The Difference Is Not The Model
Same Claude. Same GPT. Same API.
A chat box and an AI teammate can run on identical intelligence. What separates them is everything around the model. The harness.
The teammate has a role written down. Access to the systems it needs. A place its work lives that other teammates can read. Triggers that wake it up without you. Handoffs to the next teammate that don't route through your clipboard.
The chat box has a text field.
You're not waiting on a smarter model to make this work. You're waiting on yourselves to set it up.
Staffing, Not Prompting
The mental shift is from prompting to staffing.
When you hire a human, you don't hand them a sentence and hope. You write the role. You define what they own. You give them access. You tell them who they work with and how the work moves between them. You set what good looks like.
Do that for AI teammates.
Who owns research? What do they own, exactly? Where does their output go? Who picks it up next?
Who owns customer feedback? What triggers them? What do they do with what they find? Who hears about it?
Who owns support? What can they resolve alone? What comes to you?

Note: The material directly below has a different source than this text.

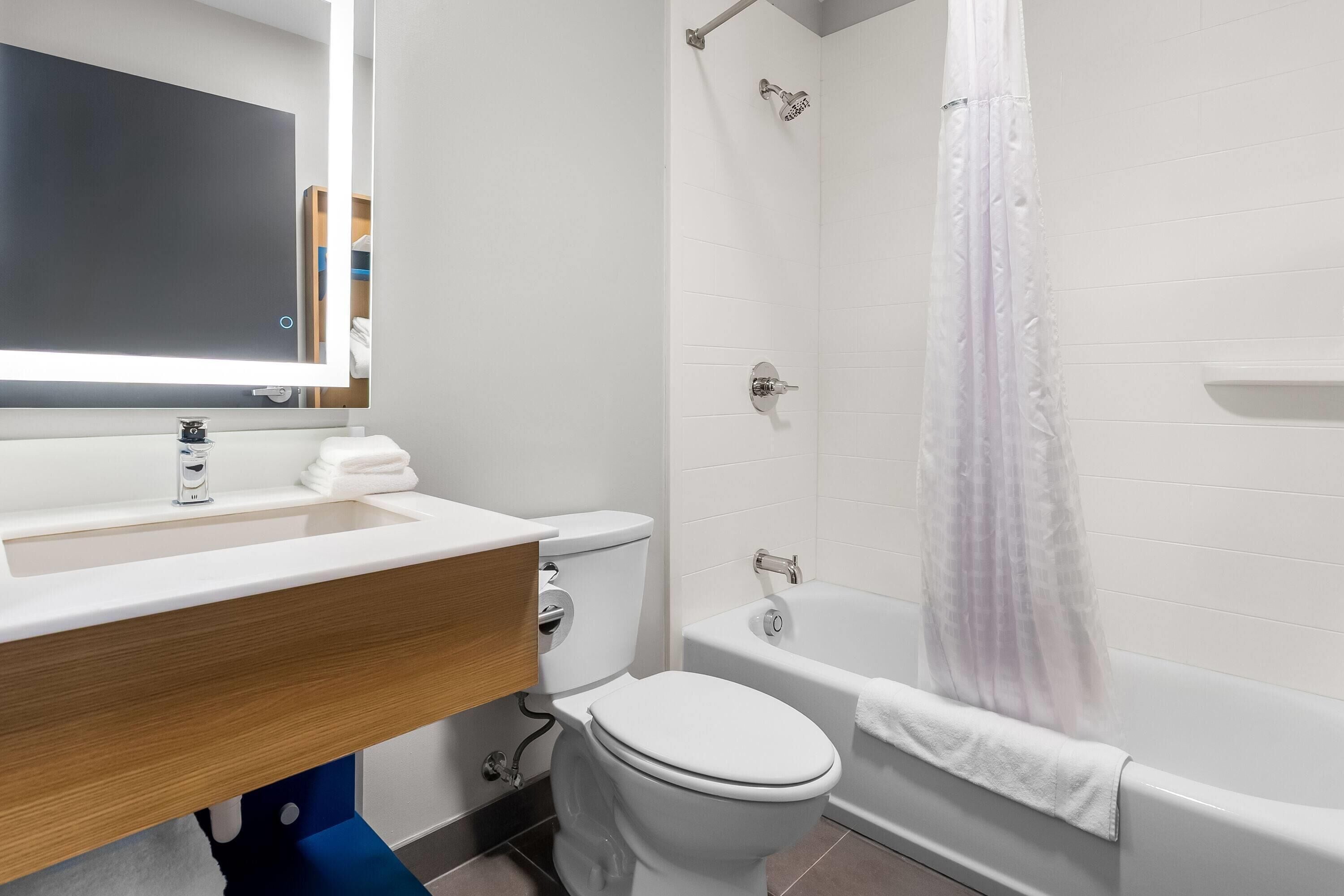 A modern bathroom with a white sink, toilet, and bathtub.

This is org design. It's the same work founders have always done. The only thing that changed is who fills the seats.
Build the agent org covered the structure. This is about doing it before you have a company, not after.
What This Actually Changes
The old model: raise money, hire people, coordinate people, maybe build something.

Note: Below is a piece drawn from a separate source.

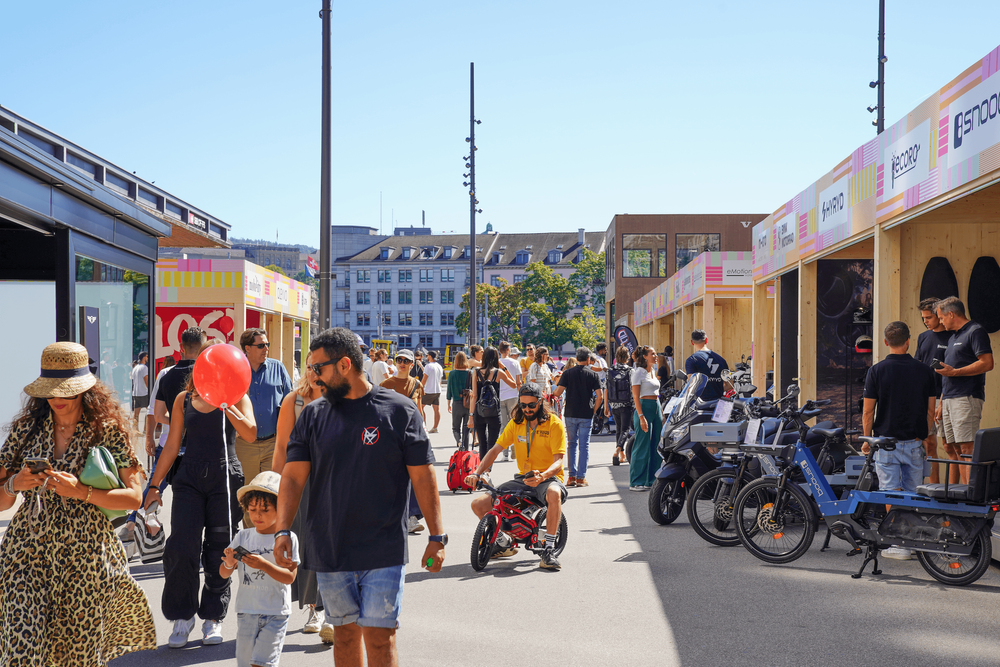 Menschen gehen bei schönem Wetter durch das Messegelände der E-nova 2024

The new model: staff the roles, build the thing, find out if people want it, then hire humans where humans are the answer.
You skip the part where you spend eighteen months assembling a team to test an idea that takes three weeks to test.
You get to the real question faster. Do people want this? That's the exercise that matters, and everything before it was overhead.
And when you do hire humans, you hire them into a company that already runs. Not into chaos.
Where Humans Still Belong
This is not "you never hire anyone."
Humans belong at the edges. Intent. Verification. Exceptions. That was true for workflows. It's true for companies.
Someone has to decide what the company is. Someone has to sit across from a customer and hear the thing they won't type into a form. Someone has to make the call when the stakes are real and the data is thin.
The terminal won't reject you. The market will. AI teammates don't get you out of that. They get you to it faster.
The point isn't a company with no humans. It's a company where the humans do human work from day one, instead of spending the first two years doing work that no longer requires a person.
The Close
Ten years ago, the org chart was a hiring plan. Every box was a person you had to find and pay.
The boxes are still there. The company still needs research, product, support, marketing, sales.
What changed is who fills them on day zero.
Most founders are still treating AI like a tool they reach for. Open a tab, ask a question, close the tab. Then they go back to wishing they had a team.
You have one. You just have to staff it.
Stop opening sessions. Start defining roles.
Vol 1: The opportunity exists. Economics changed.
Vol 2: Smart operators doing dumb work. Patterns to spot.
...
Vol 24: Models are commodities now. The race moved to application.
Vol 25: Ten years ago you'd have hired. Now you don't have to.
You have a team. You just have to staff it.
Mike & Govind
This week: Write your org chart. Every function your company needs. Then for each one, ask whether it's a session or a teammate. Persistent role, standing objective, owned outcome, carried context. If it's missing all four, you don't have a teammate. You have a tab open.